Classic Cheesecake I



  • 1 cup graham cracker crumbs
  • 1/4 cup butter or margarine, melted
  • 1 Tbsp. sugar


  • 2 packages cream cheese, softened (8oz. each)
  • 1/2 cup sugar
  • 1/4 cup flour
  • 3 eggs
  • 1 cup sour cream
  • 1 tsp. vanilla
  • Fresh sliced strawberries or canned cherry pie filling (opt.)


Preheat oven to 350 degrees F. For crust, combine all ingredients in medium bowl; press firmly onto bottom of 10 inch springform pan. Bake 10 minutes. Meanwhile, prepare cheesecake by beating cream cheese in large mixing bowl on medium speed of electric mixer until creamy. Beat in sugar and flour. Blend in eggs, sour cream and vanilla; pour over crust.

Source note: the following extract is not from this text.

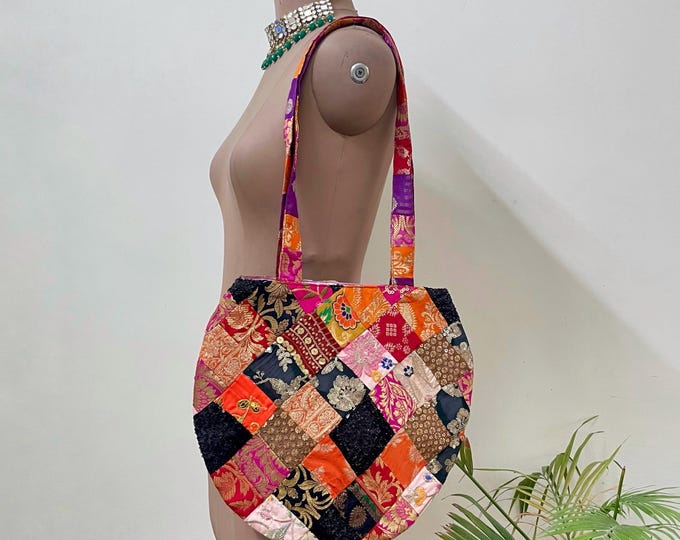 Vibrant Orange Patchwork Round Tote : Upcycled Brocade Fabric Shoulder Bag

Bake 50-55 minutes or until center is just set. Cool 20 minutes on wire rack. Loosen cake from rim of pan; cool completely. Cover; refrigerate until thoroughly chilled, 3-4 hours. Remove rim. Top cheesecake with strawberries just before serving, if desired.

By Robin from Washington, IA

Classic Cheesecake II



  • 1 1/2 cups Graham Cracker Crumbs
  • 1/4 cup sugar
  • 1/2 cup melted butter, melted


  • 3 8-oz. packages of cream cheese
  • 1 1/2 cups sugar
  • 1/8 tsp. salt
  • 4 eggs
  • 1 tsp. vanilla


  • 2 cups sour cream
  • 2 tsp. vanilla
  • 1/4 cup sugar


Press crust into bottom and sides of spring form pan. Blend cream cheese with sugar and salt. Add eggs one at a time; beating well after each. Blend in vanilla. Bake at 325 degrees F for 50-60 minutes. Place a shallow pan of hot water on bottom rack while baking to prevent cracking. Let stand for 15 minutes.

Mix topping and pour over top. Bake an additional 10 minutes at 450 degrees F. Cool and refrigerate.

Fresh berries or topping of your choice may also be topped when served.